On January 8, 2018, the Federal Deposit Insurance Corporation (FDIC) proposed a revised Statement of Policy (SOP) for Section 19 of the Federal Deposit Insurance Act (FDI Act).1 Section 19 prohibits, without the prior written consent of the FDIC, any person from participating in banking who has been convicted of a crime of dishonesty or breach of trust or money laundering, or who has entered a pretrial diversion or similar program (program entry) in connection with the prosecution for such an offense. It also requires insured institutions to screen job applicants to avoid hiring or permitting participation in the affairs of the institution by persons who have covered criminal histories. Among other substantive and technical changes, the proposed SOP seeks to reduce regulatory burden by decreasing the number of covered offenses that will trigger an application, such as offenses involving multiple "bad" checks amounting to less than $1,000 and minor drug convictions committed during early adulthood.

A blackline comparison reflecting the proposed changes is available here.

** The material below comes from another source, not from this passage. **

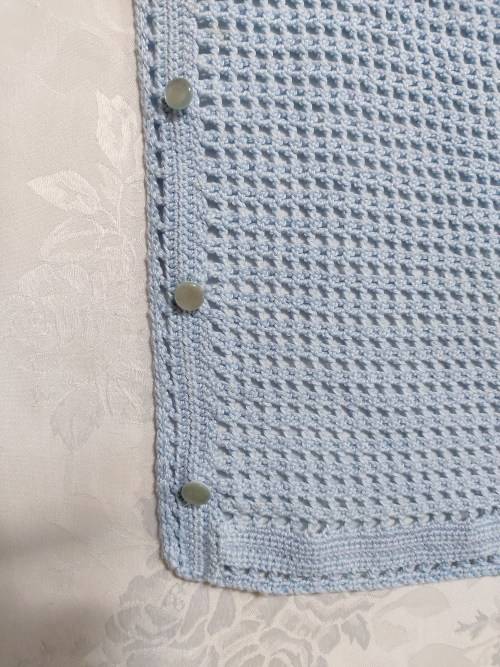 Hand crocheted Cardigan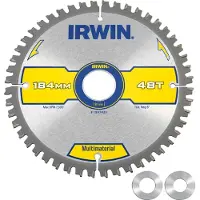 Irwin Katkaisuterä puulle WELDTEC; 184x2x30,0 mm; Z48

Recognizing that the FDIC continues to approve a substantial portion of applications where the crime is relatively minor, the covered offenses have occurred when the individuals were young adults, and reasonable time has passed without additional covered offenses, the FDIC proposes to expand the FDIC's current de minimis criteria to capture a greater number of low-risk cases and, therefore, reduce the number of situations requiring an application.2 First, the FDIC proposes to revise existing de minimis bad checks provisions to not require applications for multiple convictions related to "bad" checks amounting to less than $1,000. Second, the proposed SOP revises the de minimis criteria to capture certain convictions or program entries based on minor, isolated offenses with a conviction or program entry occurring when the individual was a young adult (21 years old or younger), such as minor drug offenses. Third, the proposed SOP revises the de minimis criteria to capture certain convictions or program entries based on a simple theft of goods, services and/or currency where the aggregate value of the currency, goods and/or services taken was $500 or less at the time of conviction or program entry.

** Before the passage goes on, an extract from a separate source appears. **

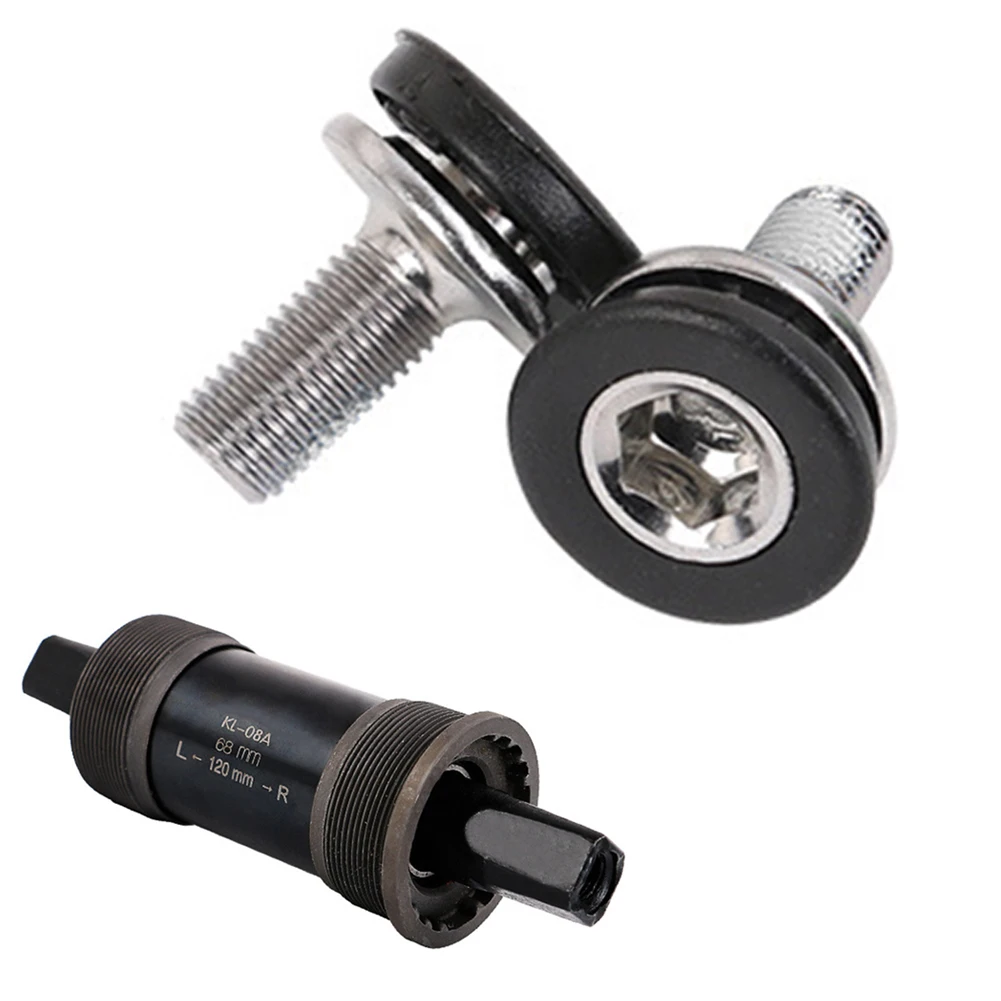 2Pcs Bike Square Hole Bottom Bracket Waterproof Sealed Bolts Bicycle M8 Screws Bicycle Bottom Bracket Axle Bolts Bikes Accessory
2Pcs Bike Square Hole Bottom Bracket Waterproof Sealed Bolts Bicycle M8 Screws Bicycle Bottom Bracket Axle Bolts Bikes Accessory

Other notable revisions in the proposed SOP include:

  • Clarification that it is permissible for insured institutions to extend conditional offers of employment contingent on satisfactory background checks and Section 19 screening;
  • Clarification of the application of Section 19 to directors and officers of affiliates, subsidiaries, or joint ventures of an insured institution or its holding company;
  • Clarification that Section 19 applications will not be considered by the FDIC until all sentencing requirements associated with a conviction or conditions imposed by the pretrial diversion are satisfied and the case is considered final;
  • Guidance relating to expungements and convictions that are set aside or reversed;
  • Clarification of the FDIC's interpretation of "jail time" for purposes of the de minimis exception;
  • Guidance, as required by statute, that no conviction or program entry for a violation of the Title 18 sections set out in 12 U.S.C. 1829(a)(2) can qualify under any of the de minimis exceptions; and
  • Addition of a new factor for consideration when evaluating Section 19 applications.

Comments on the proposed SOP must be received on or before March 9, 2018.

Footnotes

1 83 Fed. Reg. 807 (Jan. 8, 2017).

2 FDIC Letter from D. Eberley to Board of Directors (Oct. 3, 2017).